Het woord homoseksualiteit of homoseksueel komt in de Bijbel niet voor. Wel zijn er enkele bekende teksten die in dit verband vaak worden aangehaald. Je vind deze teksten in:
- Genesis 19:5 en Rechters 19:22, waar de mannen van de stad tegen de man, die onderdak verleent aan gasten, zeggen: “Laat die
gast van u naar buiten komen, we willen hem nemen!” - Leviticus 18:22 en 20:13, waar staat: “Je mag niet het bed delen met een man zoals met een vrouw.”
- Romeinen 1:26 en 27, waar Paulus schrijft: “Daarom heeft God hen uitgeleverd aan onterende verlangens. De vrouwen hebben de natuurlijke omgang verruild voor de tegennatuurlijke, en ook de mannen hebben de natuurlijke omgang met vrouwen losgelaten en zijn in hartstocht voor elkaar ontbrand. Mannen plegen ontucht met mannen; zo worden ze ervoor gestraft dat ze van God zijn afgedwaald.”
- 1 Korinthe 6:9 en 10, waar staat: “Weet u niet dat wie onrecht doet geen deel zal hebben aan het koninkrijk van God? Vergis u niet.

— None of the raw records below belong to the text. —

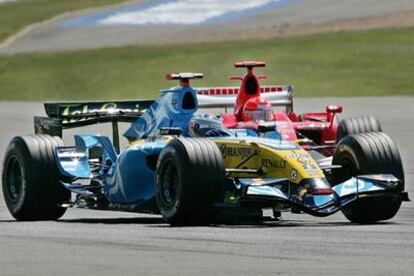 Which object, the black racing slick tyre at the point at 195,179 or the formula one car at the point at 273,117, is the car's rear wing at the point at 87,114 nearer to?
the formula one car at the point at 273,117

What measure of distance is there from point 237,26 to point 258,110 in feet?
110

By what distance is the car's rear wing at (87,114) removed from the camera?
16375mm

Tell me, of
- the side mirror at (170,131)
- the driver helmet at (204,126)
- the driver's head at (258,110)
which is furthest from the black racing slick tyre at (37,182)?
the driver's head at (258,110)

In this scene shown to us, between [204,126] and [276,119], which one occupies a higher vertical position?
[204,126]

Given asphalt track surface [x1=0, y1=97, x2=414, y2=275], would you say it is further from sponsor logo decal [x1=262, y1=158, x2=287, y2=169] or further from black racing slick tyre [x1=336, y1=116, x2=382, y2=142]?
black racing slick tyre [x1=336, y1=116, x2=382, y2=142]

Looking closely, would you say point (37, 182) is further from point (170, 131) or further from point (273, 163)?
point (273, 163)

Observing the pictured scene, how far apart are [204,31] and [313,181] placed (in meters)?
37.5

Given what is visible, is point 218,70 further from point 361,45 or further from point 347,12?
point 347,12

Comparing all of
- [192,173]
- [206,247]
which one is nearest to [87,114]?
[192,173]

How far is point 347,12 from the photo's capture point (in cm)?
5062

Ontuchtplegers noch afgodendienaars, overspeligen, schandknapen noch knapenschenders, dieven noch geldwolven, dronkaards, lasteraars noch uitbuiters zullen deel hebben aan het koninkrijk van God.”
- 1 Timoteus 1:9 en10, waar staat dat de wet er is “voor wie zich aan wet of gezag niet stoort, voor goddelozen en zondaars, die alles wat heilig is verachten en ontwijden, die hun eigen vader of moeder doden, voor moordenaars, ontuchtplegers, knapenschenders, slavenhandelaars, leugenaars en plegers van meineed.”
Voor de aangehaalde teksten is gebruik gemaakt van de NBV.